Kuala Lumpur, 18 May 2025 — As negotiations for a landmark United Nations tax convention gain momentum, the United Nations University International Institute for Global Health (UNU-IIGH) has released a new briefing paper that reframes taxation as a foundational determinant of health, social justice, and democratic governance. Entitled “Tax Systems and Policy: Crucial for Good Health and Good Governance”, the paper spotlights a five-function framework – revenue, redistribution, representation, repricing and regulation - to assert the critical need to rebuild equitable and effective tax systems, especially in low- and middle-income countries (L&MICS), for improving health outcomes, fostering inclusive democratic governance, and reducing socio-economic inequalities.
Launched alongside key side events of the 78th World Health Assembly, the briefing positions tax justice as a central pillar of the global health agenda, foregrounding the systemic impact of tax avoidance and the use of tax havens - which contributed to the estimated $492 billion in global revenue losses for 2024 - and its undermining of the fiscal capacity of public institutions to deliver equitable and sustainable health services.
Despite evidence linking taxation to improved health and societal well-being, the paper spotlights how current global tax systems are increasingly failing to deliver on their fundamental functions. Many L&MICs face regressive tax structures, chronic under-collection, and reliance on narrow tax bases, resulting in insufficient public revenue, extreme wealth concentration, and eroded public trust. The consequences are irrefutable: in 2023, over 50% of the global population lacked access to essential health services and 2 billion people faced financial hardship or catastrophic expenditure due to healthcare costs.
At the core of this financial dysfunction lies what the authors describe as a dominant ‘tax consensus’, a legacy of neoliberal orthodoxy that emphasises economic neutrality, discourages direct taxation, and sets minimal public revenue targets, typically between 15-20% of GDP, thereby undermining fiscal space for health and social investment in L&MICs.
Speaking at the virtual launch of the paper, Liz Nelson, Director of Advocacy and Research for the Tax Justice Network, spotlighted the exclusionary foundations of this consensus and examines the structural power inequities it reinforces, noting that “Is it really a consensus? The nature of the tax consensus is and always has been limited to a consensus of OECD and high-income countries. It has created greater inequality among countries, and the harm has been largely created by individuals in high income countries, impacting those in low-income countries.”
International tax regimes, rooted in colonial-era arrangements and still governed by OECD-centric norms, further enable aggressive base erosion and profit shifting (BEPS) by transnational corporations via opaque legal entities and offshore financial centres.

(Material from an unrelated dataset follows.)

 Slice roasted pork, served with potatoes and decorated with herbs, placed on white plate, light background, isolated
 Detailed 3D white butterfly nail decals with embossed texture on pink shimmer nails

On average, lower-income countries lose about 36% of their public health budgets to large-scale corporate tax abuses. These structural distortions weaken domestic resource mobilisation, exacerbate health inequities, foster corruption, and undermine good governance.
Despite decades of rhetorical commitments by the G20 and OECD, the scale of global tax abuse has continued to expand.
Against this backdrop, "Tax Systems and Policy: Crucial for Good Health and Good Governance" calls for systemic tax reform as a global health imperative. Key recommendations include instituting progressive direct taxation to redress income and wealth disparities, strengthening tax administration and enforcement capacity, and integrating transparency mechanisms such as public access to data on tax collection and disaggregated country-by-country reporting. Concurrently, unilateral defensive measures against BEPS and financial secrecy must be deployed, while fiscal justice must simultaneously encompass sovereign debt cancellation and globally redistributive taxation to finance ecological and reparative obligations.
Crucially, the brief positions the ongoing UN-led negotiations as an opportunity to address the failings and deficiencies of current tax systems and policies, emerging as a more inclusive and potentially enforceable alternative to the OECD’s asymmetrical regime.
By positioning taxation as a structural determinant of health, this policy brief calls researchers, global health practitioners, policymakers, and civil society representatives to engage actively with tax reform not as a peripheral financial and economic issue, but as a core mechanism for achieving global health equity and accountable governance systems.
At the launch, Prof. David McCoy, Research Lead at UNU-IIGH, also underscored the inherently political nature of the engagement to address tax systems failures, stating that "Countering plutocratic and oligarchic power is important, and that requires the mobilisations of people. It’s a political challenge, not a technical or technocratic challenge. So, we need to engage with the political process to solve it.”